1894年の春、マイは胸膜炎を患い、同時に目の病気にも悩まされた。そのため彼はハルツ地方へ療養に出かけたが、その年の末には体調が回復し、再び仕事に取り掛かることができるようになった。そのころマイは金があると、気前よく人にあげたりしていたので、妻のエマから叱られていた。

<豪邸を取得。ヴィラ・シャターハンド>

しかし収入は増えるばかりだったので、1895年には初めて自分の邸宅を購入することができるようになった。そのことは妻を大変喜ばせた。1895年12月30日、ドレスデン近郊の高級住宅街ラーデボイルに、37、300マルクで一軒の邸宅を購入したわけである。そして自分が作り出したアメリカ西部の英雄で、自分自身の分身でもあったシャターハンドにちなんで、その屋敷を「ヴィラ・シャターハンド」と名付けた。そして夫妻は翌年1896年1月14日にそこへ入居した。

マイの邸宅「ヴィラ・シャターハンド」

エマは、後年その時のことを思い出して、次のように書いている。「私たち二人は、人形部屋をもらった子供たちのように大喜びをしました。・・・そのころはまさにこの上なく幸せな、黄金時代でした」 マイはその後、隣接する土地を買い足して、熱心に庭づくりにいそしんだ。この「ヴィラ・シャターハンド」に、マイはその後1912年に亡くなるまで住み続けた。そして晩年の傑作はその家で書かれたのである。後年東独時代の1985年以降。この家はマイを記念する品々を展示した博物館になっている。

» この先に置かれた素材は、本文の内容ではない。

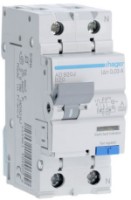 Дифференциальный автомат Hager AD920J
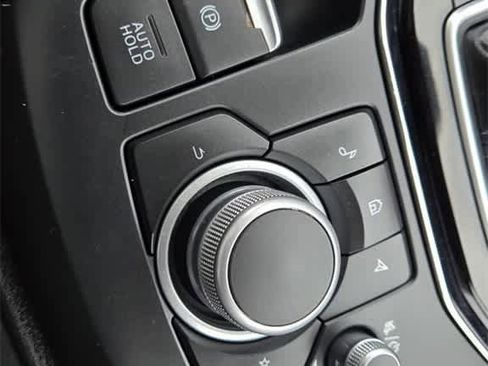 Used 2023 MAZDA CX-5 AWD 2.5 S w/ Premium Package image 17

その後1899年までの歳月は、作品面で実りある時代であったばかりでなく、私生活の面でも最も幸せな時期であった。彼が長いこと望んでやまなかった社会的認知を、この時ようやく十二分に手にしたのであった。「世界冒険物語」の評判は、まったく申し分のないものであった。そのうえ、出版社主のフェーゼンフェルトは、ドイツ人司教からの推薦の言葉を、その全集の宣伝に用いることができたのである。

ヴィラ・シャターハンド」は、数多くの読者や崇拝者の訪問を受け、マイとしてもその応接にいとまがないほどであった。そうした様子についてマイは1896年、『ドイツ人の家宝』に寄せた「売れっ子作家の喜びと悩み」という文章の中で、感激の気持ちと、距離を置いた冷めた観察の間を揺れ動きながら報告している。1896年から1899年の間の4年間で、その作品はそれぞれ年間あたり10万部が印刷された。そして書物の形での全発行部数は、1899年には72万2千部に達したのである。当時としては、大変な数字と言えよう。

<マイ、虚構の世界の主人公に!>

今やマイは、広い世界にも飛び出していった。しかもそれは常にきわめて奇抜なやり方を取ったのである。その際「オールド・シャターハンド伝説」なるものを作り出したわけである。それはアメリカ西部を舞台にした冒険物語の主人公であるオールド・シャターハンドは、自分自身であるとの主張であった。そしてそこで語られている冒険の数々は、自ら体験したものである、とも彼は付け加えた。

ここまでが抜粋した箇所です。